For a lot of farm families, the in-laws quickly become the outlaws due to factors you’d never consider.
After a decade of sorting out the direst farm succession and farm debt cases, I have found that dysfunctional in-law relationships are often a key underlying ingredient to these problems. Really good families are hit by landmines of the in-law kind, and everything explodes. If these families knew what those landmines were before they stepped into them, they would have been able to avoid them.
Here are five of those landmines I hope farm families who have unwed successors will be ready for:
1. If the person they marry is the first big decision your son or daughter has made in their lives, don’t expect who they pick as a spouse to be a good one or at least one you agree with
The brain’s development of an executive cognitive function requires being challenged by difficult decisions and learning from those decisions. If your 23-year-old is living in a sheltered environment where the family pays for housing, every minute of their day is planned, and he or she doesn’t even have to decide what they are eating for lunch because mom is cooking it, how are they supposed to make a stellar executive decision like picking out the best in a bar on a Saturday night?
You don’t need your son or daughter negotiating the purchase of combines or farms to improve cognitive development. Focus on them controlling their time and learning from their mistakes. Don’t have them show up to work and tell them what to do.
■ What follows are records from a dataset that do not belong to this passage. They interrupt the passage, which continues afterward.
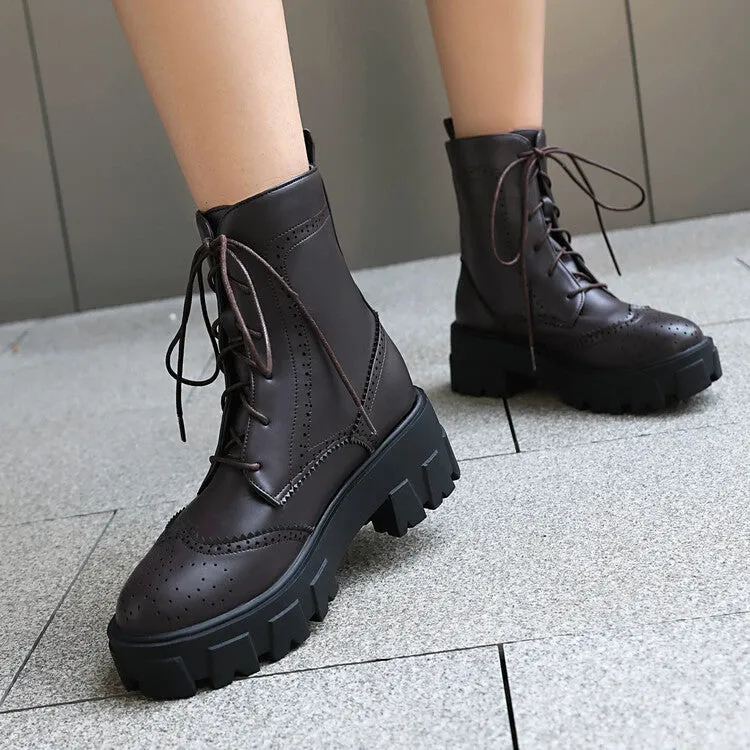 Women's Lace-Up Round Toe Flat Platform Ankle Boots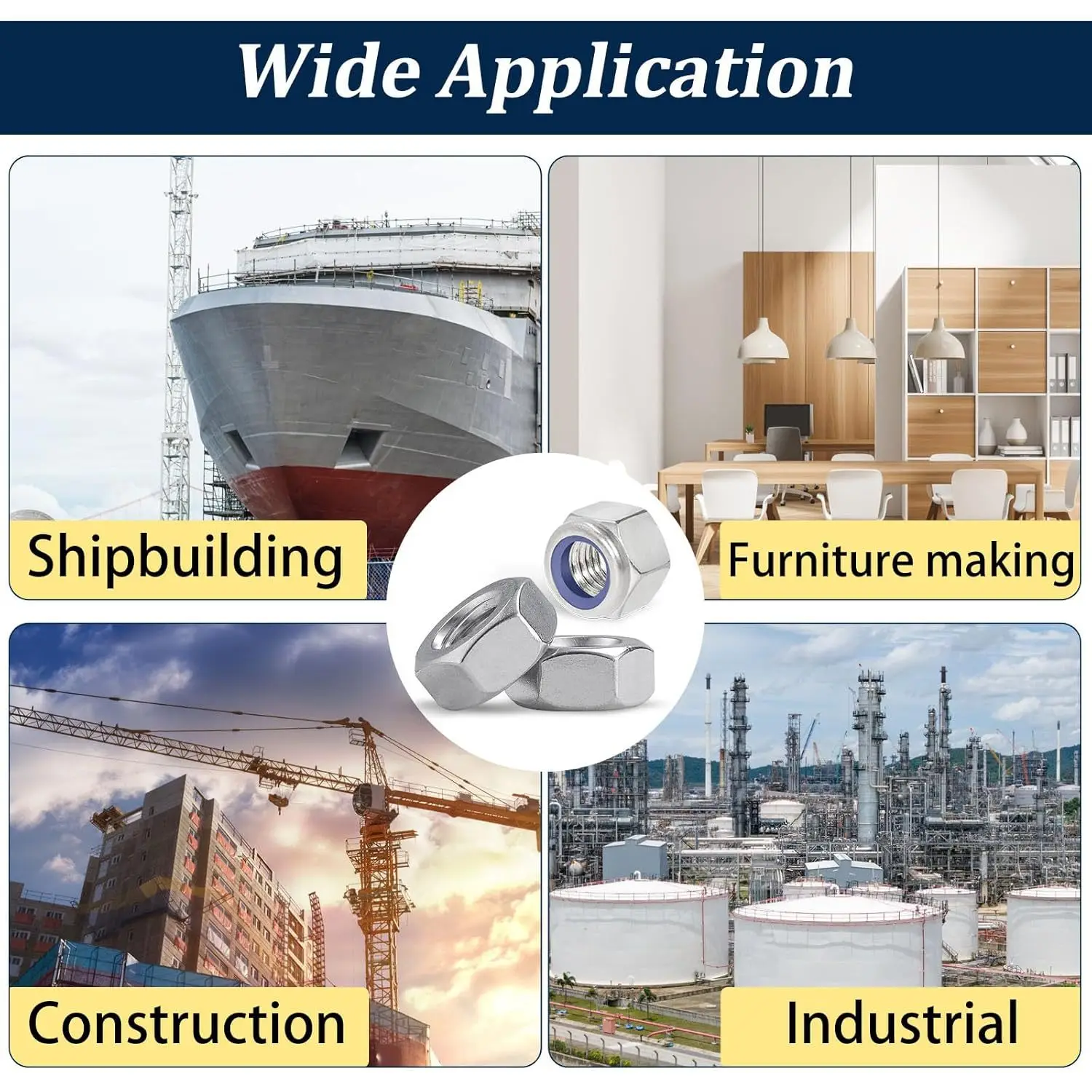 360 Uds 304 Material M3-M12 tuerca hexagonal métrica y kit de combinación de tuerca de bloqueo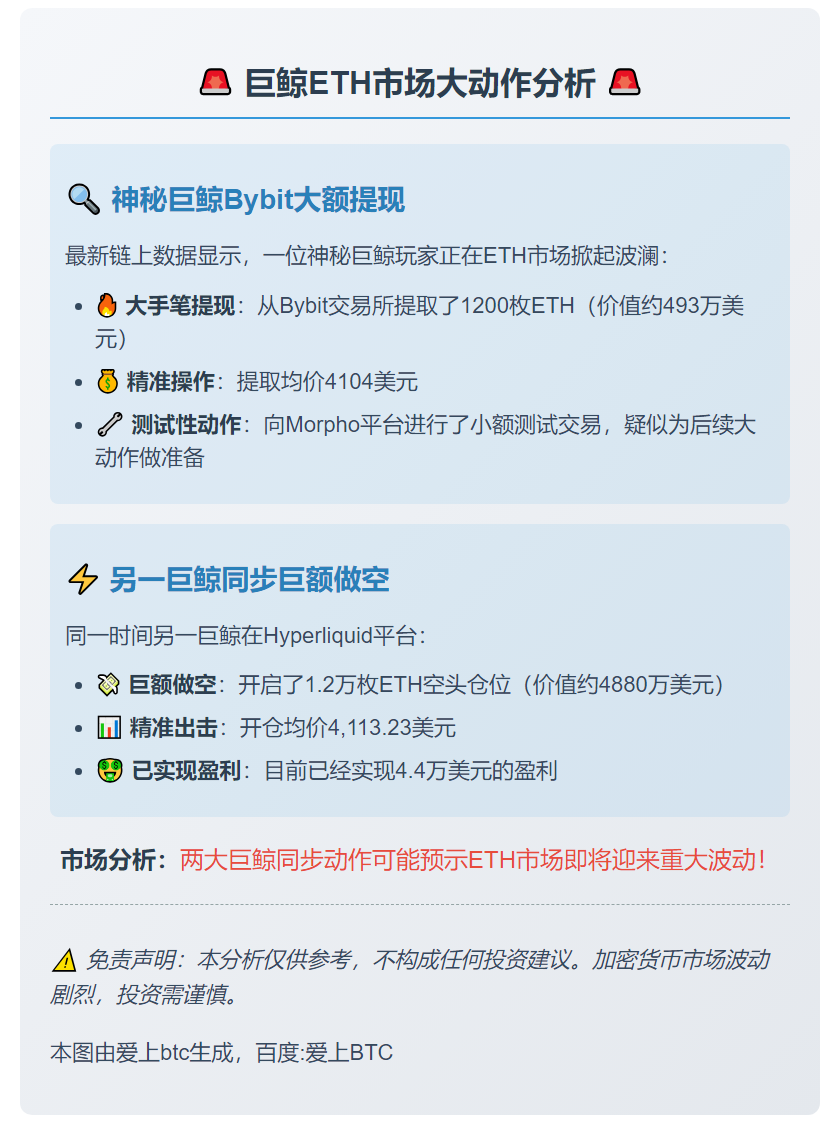 巨鲸从Bybit提取1200枚ETH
Have a meeting on Monday and Thursday mornings where the son or daughter (not the parents) writes out on a whiteboard what the jobs are that must get done on the farm over the next three days and then rank their priority. Provide critical feedback after they have a tentative plan laid out by asking questions, not telling them what they didn’t yet consider. Three days later, hold them accountable to do what they said they’d do and have them learn from their mistakes in time management. That way, they learn to critically think and become their own boss. By your son or daughter wisely controlling his or her time, they’ll not only become more efficient, but gain confidence and wisdom which helps them make better-quality decisions on Saturday night.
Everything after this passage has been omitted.